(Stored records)
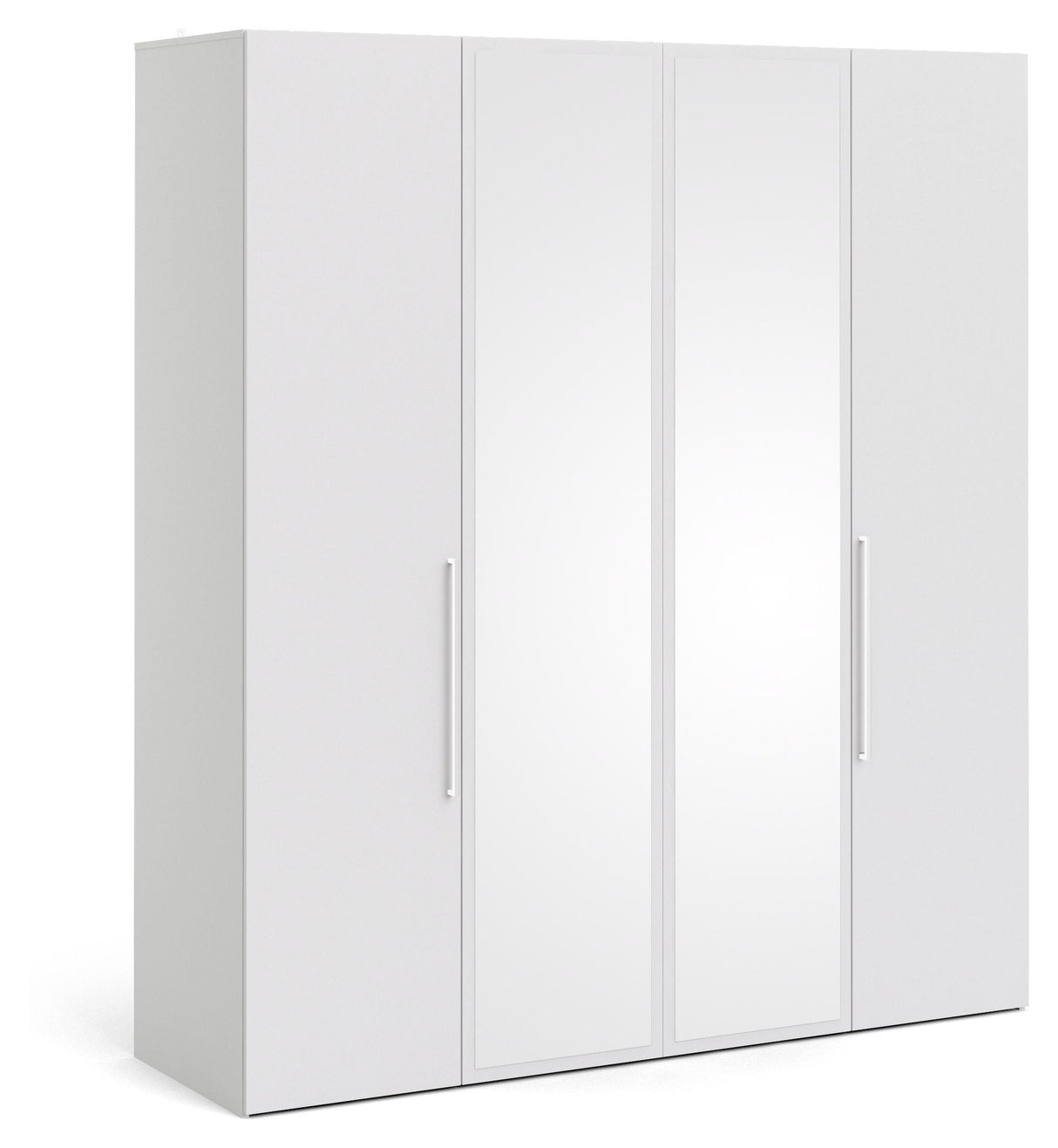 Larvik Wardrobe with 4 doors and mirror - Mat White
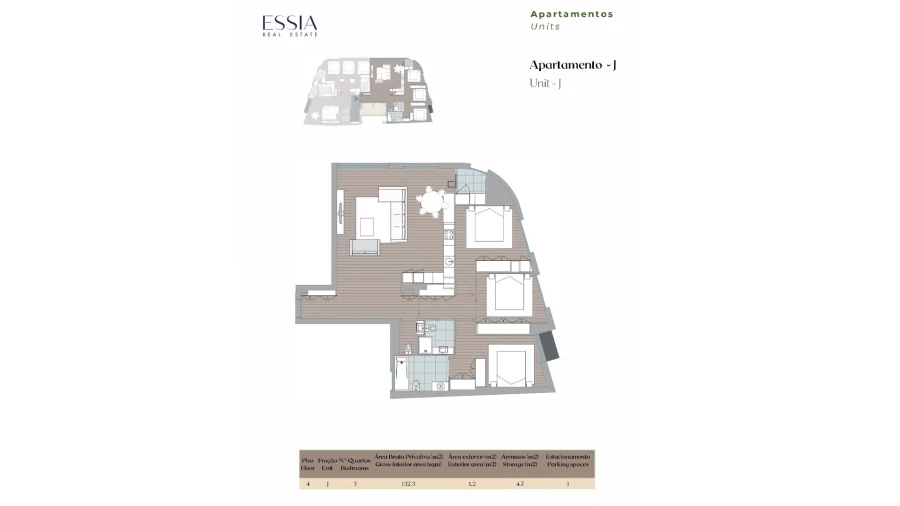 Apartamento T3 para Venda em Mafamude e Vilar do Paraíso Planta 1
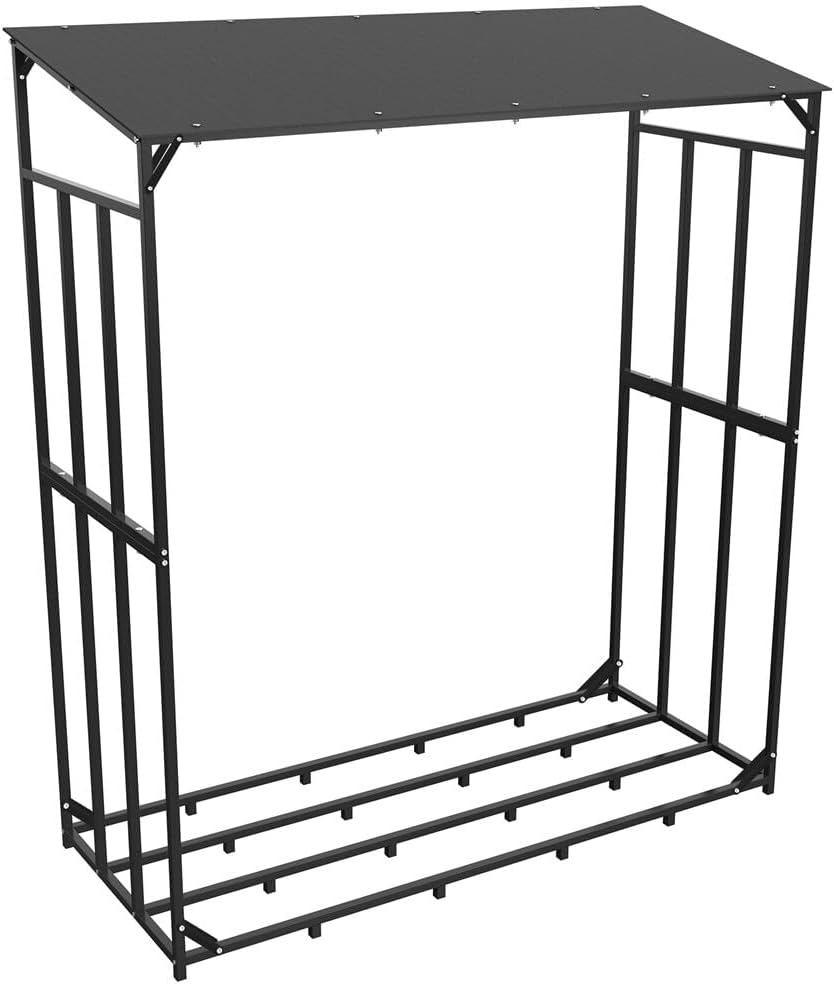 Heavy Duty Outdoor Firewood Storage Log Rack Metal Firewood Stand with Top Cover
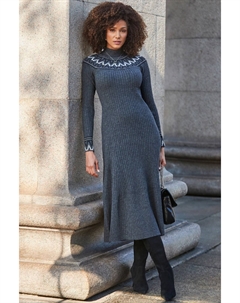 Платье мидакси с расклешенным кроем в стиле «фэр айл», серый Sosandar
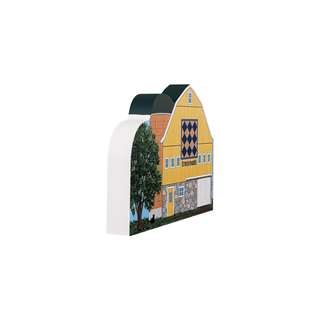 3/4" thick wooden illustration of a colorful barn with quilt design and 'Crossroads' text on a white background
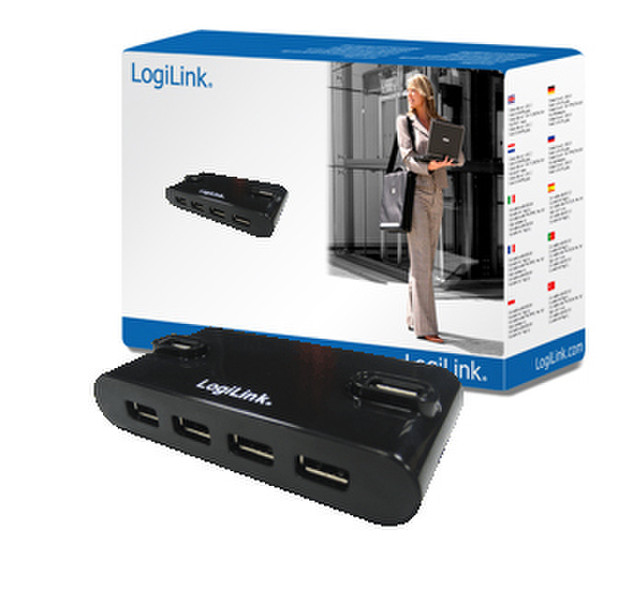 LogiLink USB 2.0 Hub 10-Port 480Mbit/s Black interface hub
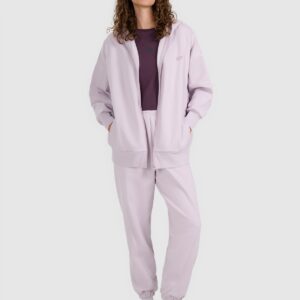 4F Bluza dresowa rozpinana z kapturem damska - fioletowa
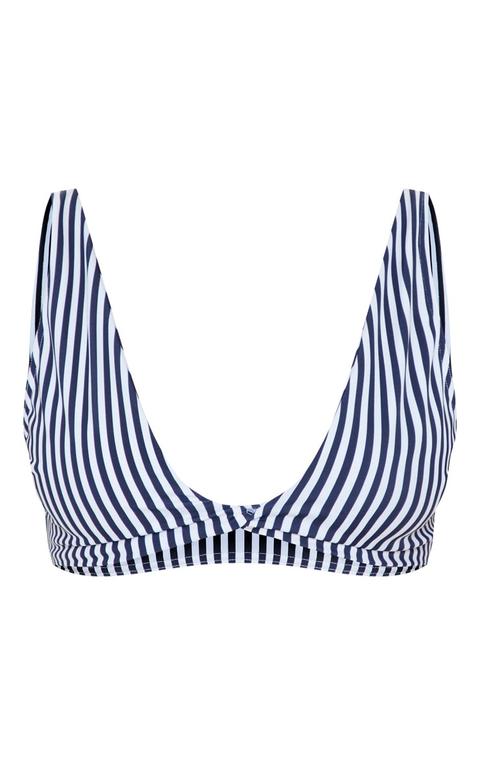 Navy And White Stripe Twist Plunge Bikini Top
==
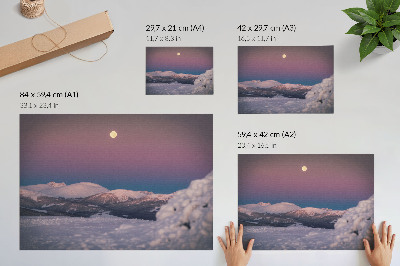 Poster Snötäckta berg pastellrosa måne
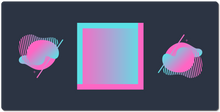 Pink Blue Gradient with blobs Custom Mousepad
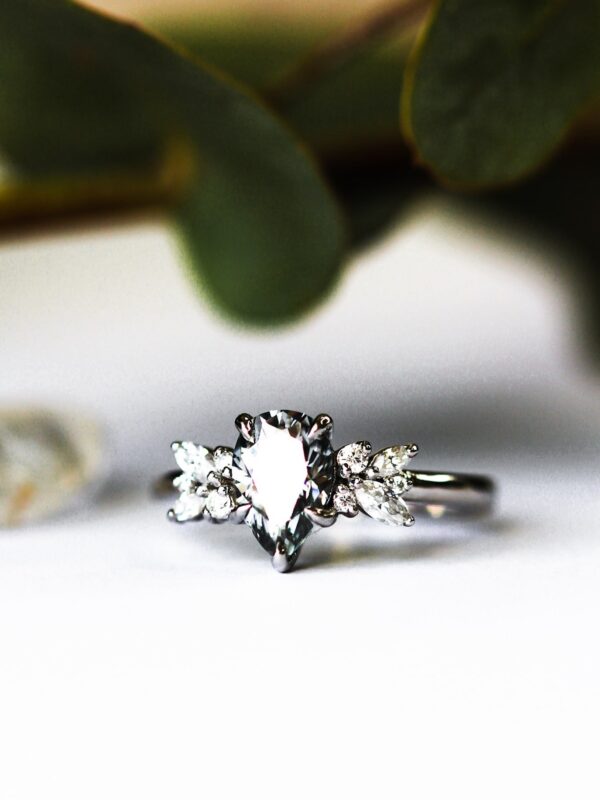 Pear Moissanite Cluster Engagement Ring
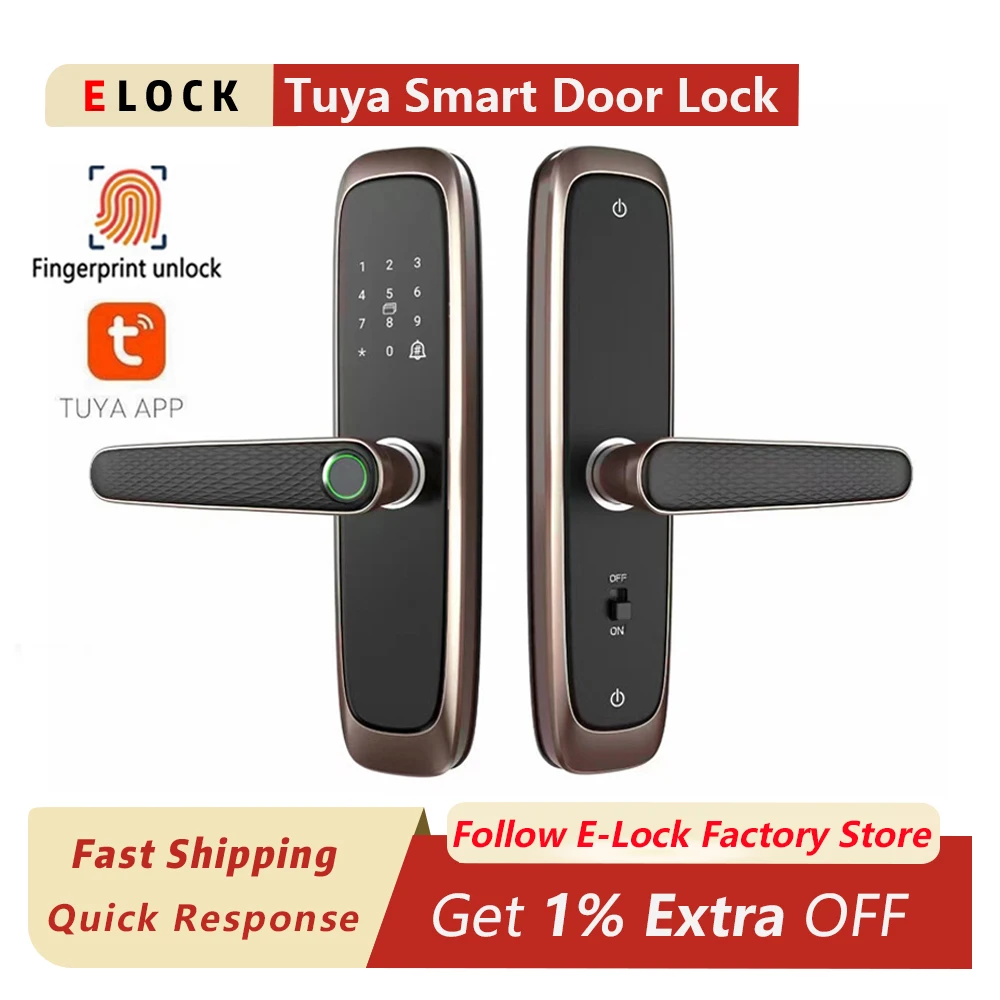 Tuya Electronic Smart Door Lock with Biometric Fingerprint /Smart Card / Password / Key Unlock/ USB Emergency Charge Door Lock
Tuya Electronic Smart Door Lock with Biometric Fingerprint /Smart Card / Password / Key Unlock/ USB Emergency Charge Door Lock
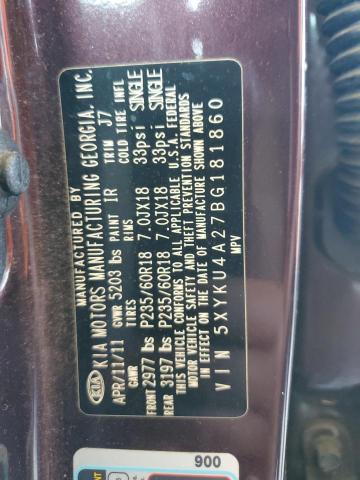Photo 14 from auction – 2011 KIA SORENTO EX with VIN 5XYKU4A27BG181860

#### Task to carry out:
Starting with the line that has "Larvik Wardrobe with" and ending with the line that has "Navy And White", repeat the lines above exactly, omitting every picture.

#### Output for this task:
 Larvik Wardrobe with 4 doors and mirror - Mat White
 Apartamento T3 para Venda em Mafamude e Vilar do Paraíso Planta 1
 Heavy Duty Outdoor Firewood Storage Log Rack Metal Firewood Stand with Top Cover
 Платье мидакси с расклешенным кроем в стиле «фэр айл», серый Sosandar
 3/4" thick wooden illustration of a colorful barn with quilt design and 'Crossroads' text on a white background
 LogiLink USB 2.0 Hub 10-Port 480Mbit/s Black interface hub
 4F Bluza dresowa rozpinana z kapturem damska - fioletowa
 Navy And White Stripe Twist Plunge Bikini Top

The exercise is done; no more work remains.